CAPEC-104: Cross Zone Scripting
An attacker is able to cause a victim to load content into their web-browser that bypasses security zone controls and gain access to increased privileges to execute scripting code or other web objects such as unsigned ActiveX controls or applets. This is a privilege elevation attack targeted at zone-based web-browser security.
CAPEC-73: User-Controlled Filename
An attack of this type involves an adversary inserting malicious characters (such as a XSS redirection) into a filename, directly or indirectly that is then used by the target software to generate HTML text or other potentially executable content. Many websites rely on user-generated content and dynamically build resources like files, filenames, and URL links directly from user supplied data. In this attack pattern, the attacker uploads code that can execute in the client browser and/or redirect the client browser to a site that the attacker owns. All XSS attack payload variants can be used to pass and exploit these vulnerabilities.
CAPEC-81: Web Server Logs Tampering
Web Logs Tampering attacks involve an attacker injecting, deleting or otherwise tampering with the contents of web logs typically for the purposes of masking other malicious behavior.
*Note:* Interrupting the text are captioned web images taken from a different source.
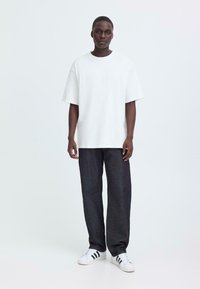 T-shirt bianca oversize, con maniche larghe, abbinata a jeans dritti blu scuro e sneakers bianche con strisce nere. Sfondo neutro.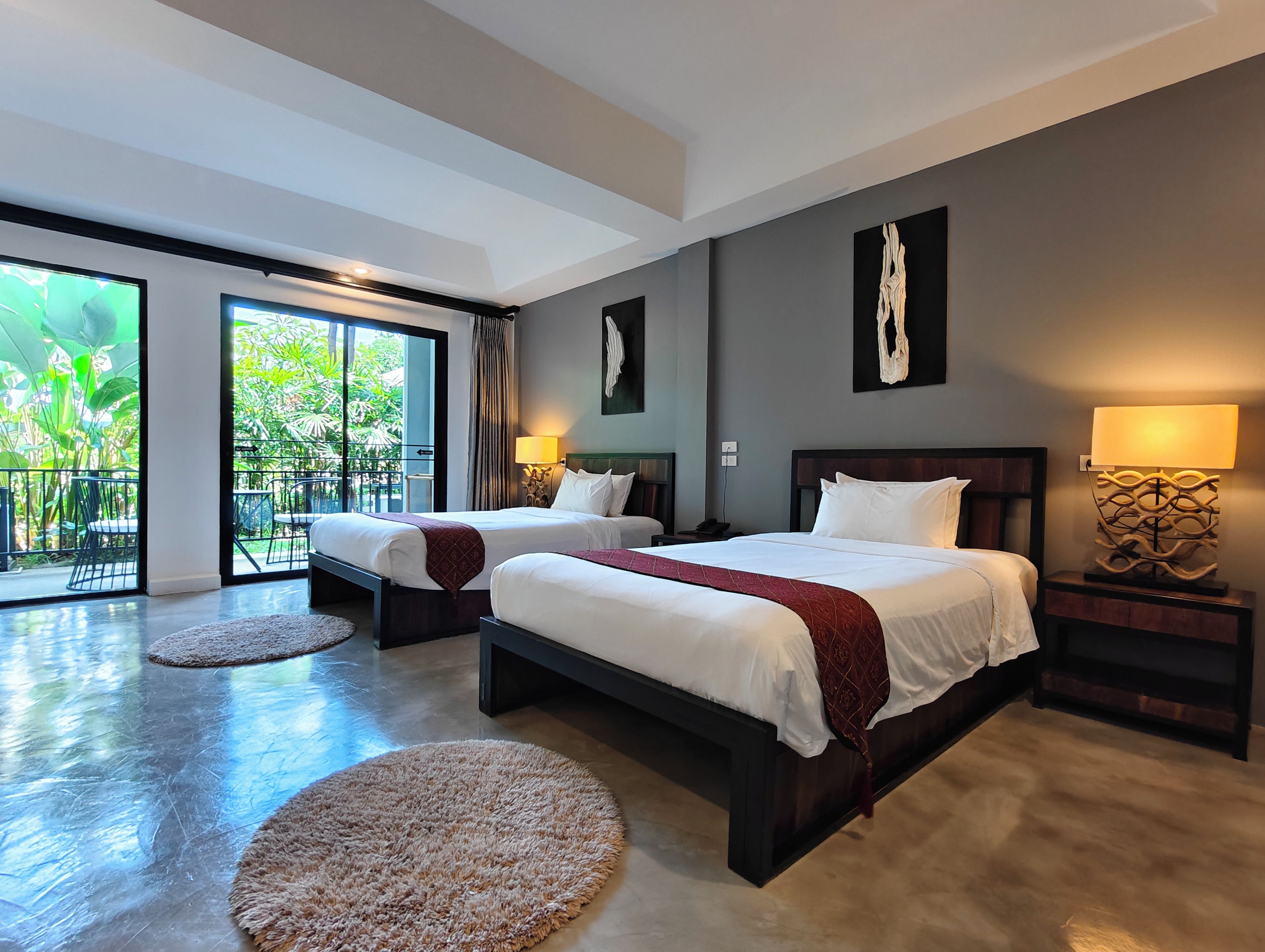 A hotel room with two beds, a balcony with a view of greenery, and a modern design.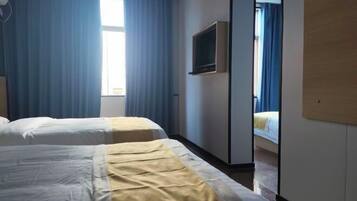A hotel room with two beds, a TV, and a mirror.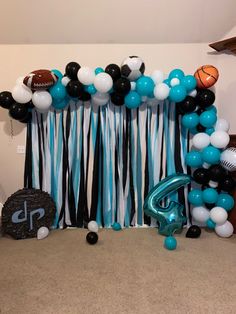 a balloon arch with football balloons and streamers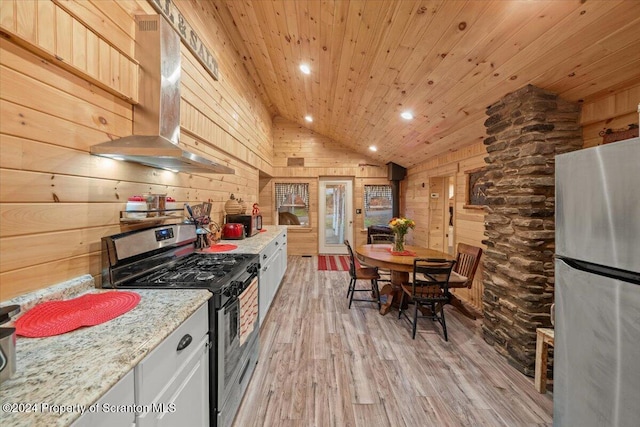 kitchen featuring stainless steel appliances, ventilation hood, wooden walls, wood ceiling, and light wood-type flooring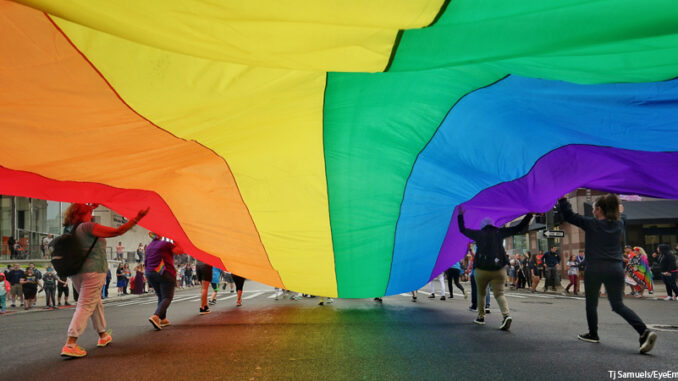 People Holding Large Colorful Flag While Walking On City Street People Holding Large Colorful Flag While Walking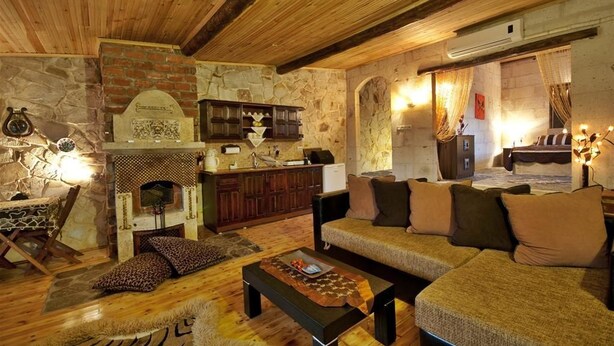 Un interior rústico con chimenea de piedra, vigas de madera, un sofá con cojines y un comedor.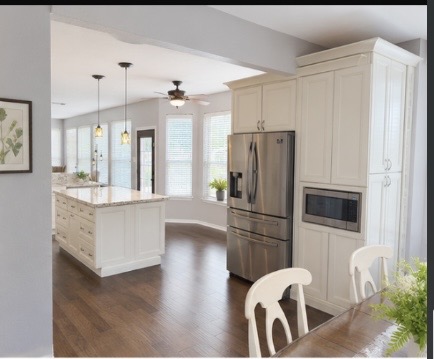 13 Oak View Round Rock, TX 78664 - Photo 12 of 30 An inviting open-concept kitchen features a spacious island and gleaming hardwood floors.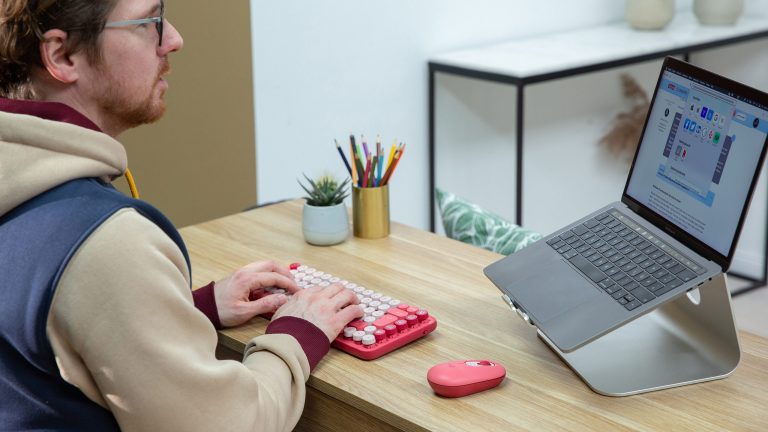 Eine Person tippt auf einer Logitech Pop Keys. Daneben liegen eine farblich passende Maus und ein MacBook Pro.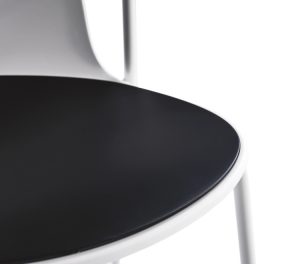 Close-up corner of office side chair with white material and black upholstered cushion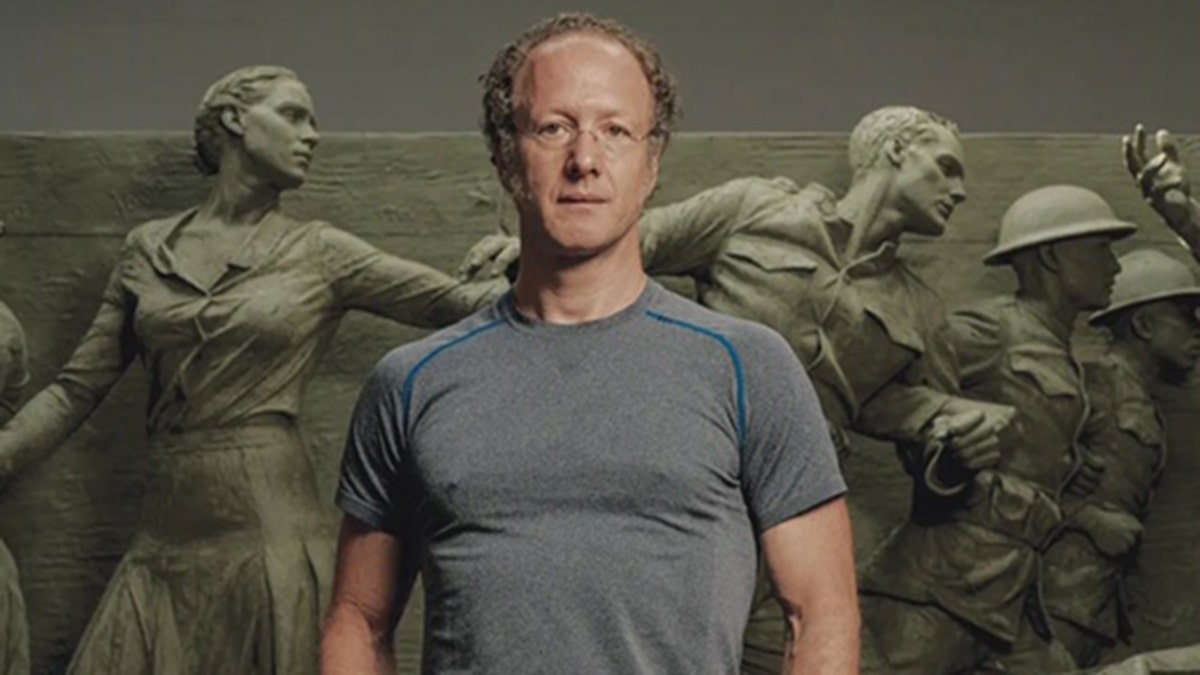 sabin howard stands in front of his WWI sculpture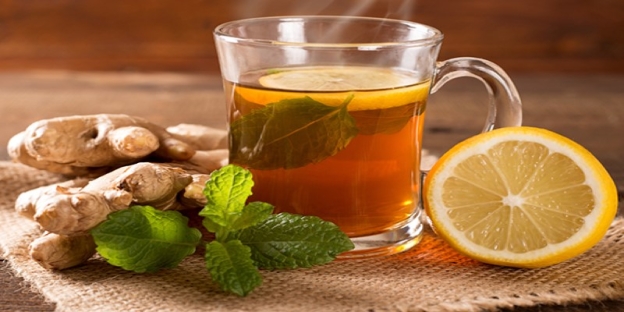 A cup of tea with lemon and ginger AI-generated content may be incorrect.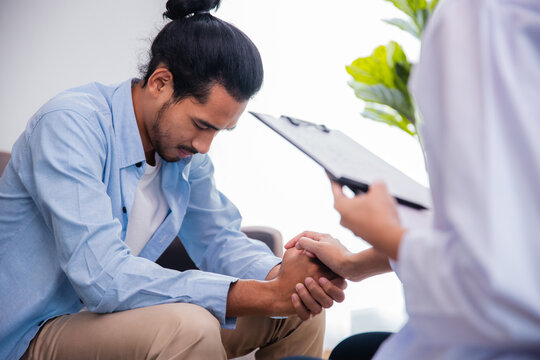 Stressed Asian man talking to doctor during mental health therapy session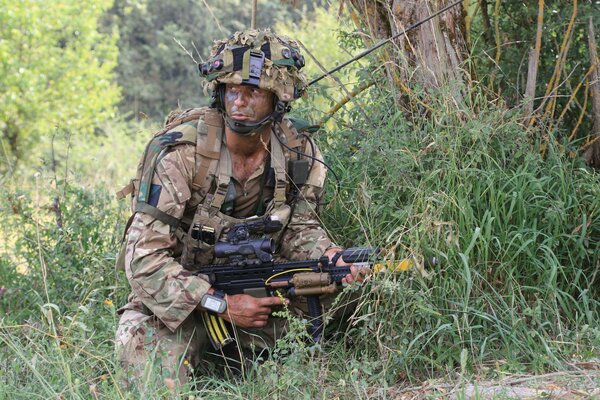 Ein Soldat in Tarnung versteckt sich mit einer Waffe in einem Gebüsch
Additionally, writing malicious data to log files may target jobs, filters, reports, and other agents that process the logs in an asynchronous attack pattern. This pattern of attack is similar to "Log Injection-Tampering-Forging" except that in this case, the attack is targeting the logs of the web server and not the application.
CAPEC-85: AJAX Footprinting
This attack utilizes the frequent client-server roundtrips in Ajax conversation to scan a system. While Ajax does not open up new vulnerabilities per se, it does optimize them from an attacker point of view. A common first step for an attacker is to footprint the target environment to understand what attacks will work. Since footprinting relies on enumeration, the conversational pattern of rapid, multiple requests and responses that are typical in Ajax applications enable an attacker to look for many vulnerabilities, well-known ports, network locations and so on. The knowledge gained through Ajax fingerprinting can be used to support other attacks, such as XSS.